> [What is expected]: In this exercise, the entries below include pictures. Repeat exactly the lines from the line with "Funda de Teléfono" to the line with "Superwinch 4500 LBS", including both, but without the pictures.

> [Recorded data]:
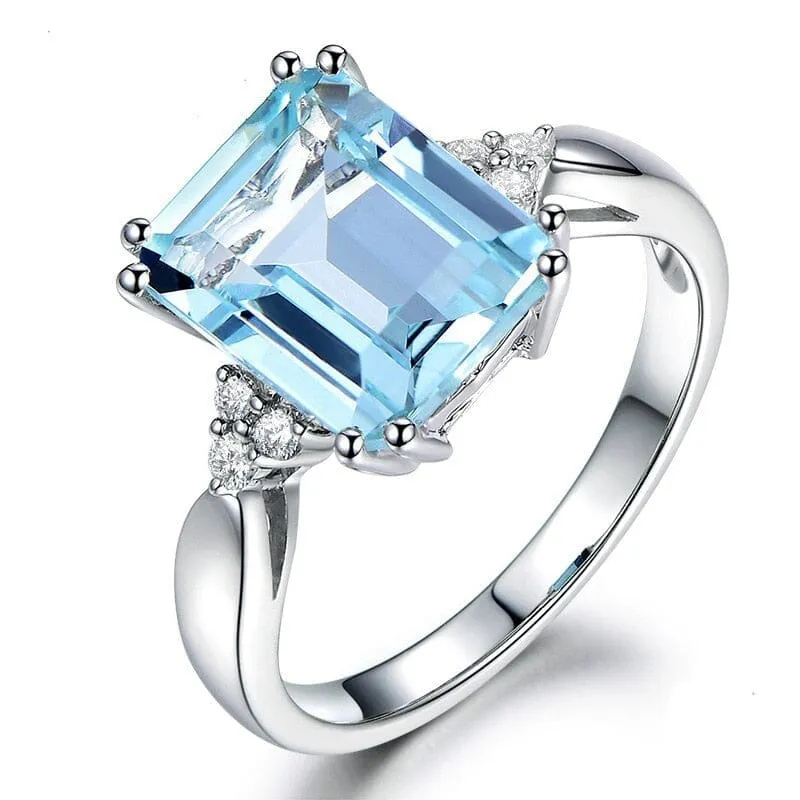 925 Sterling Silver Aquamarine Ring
--
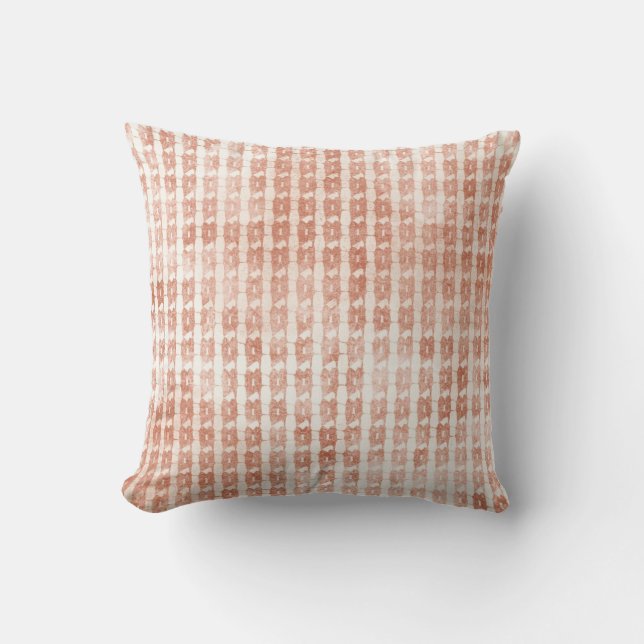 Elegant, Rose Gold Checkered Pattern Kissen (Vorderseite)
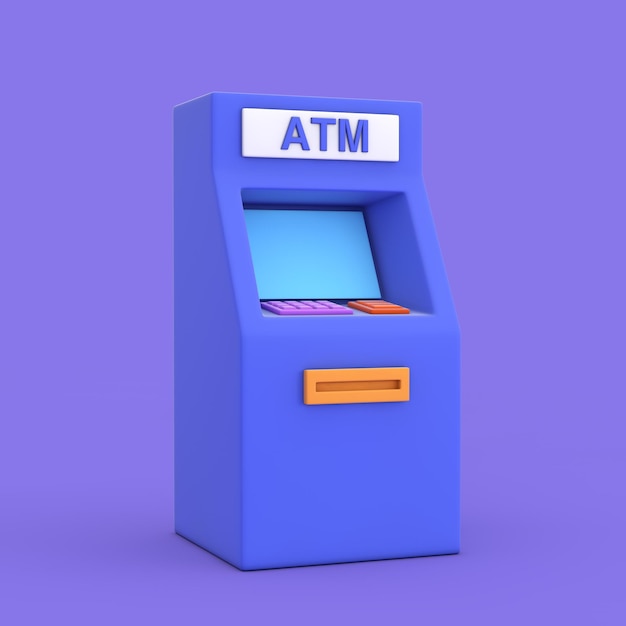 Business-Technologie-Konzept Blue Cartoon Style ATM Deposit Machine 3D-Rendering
==
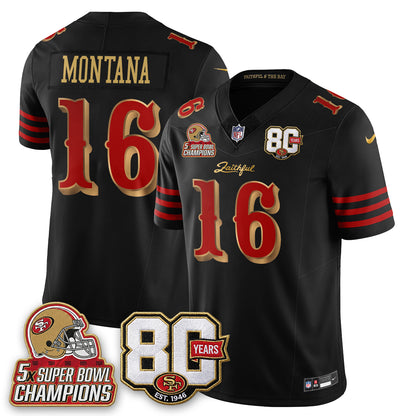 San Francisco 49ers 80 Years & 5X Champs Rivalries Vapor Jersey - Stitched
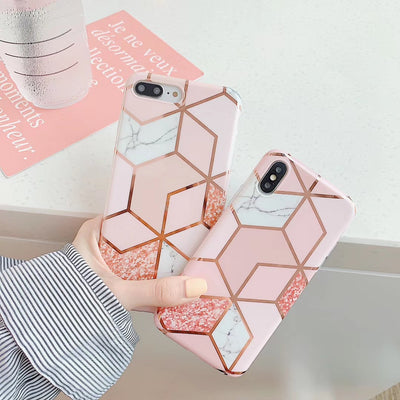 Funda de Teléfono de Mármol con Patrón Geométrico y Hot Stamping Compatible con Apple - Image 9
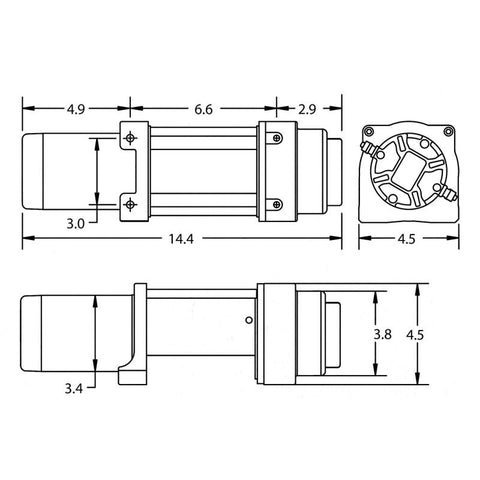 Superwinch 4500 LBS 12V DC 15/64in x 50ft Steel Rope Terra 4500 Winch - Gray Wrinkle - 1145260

> [Completed exercise]:
 Funda de Teléfono de Mármol con Patrón Geométrico y Hot Stamping Compatible con Apple - Image 9
 Superwinch 4500 LBS 12V DC 15/64in x 50ft Steel Rope Terra 4500 Winch - Gray Wrinkle - 1145260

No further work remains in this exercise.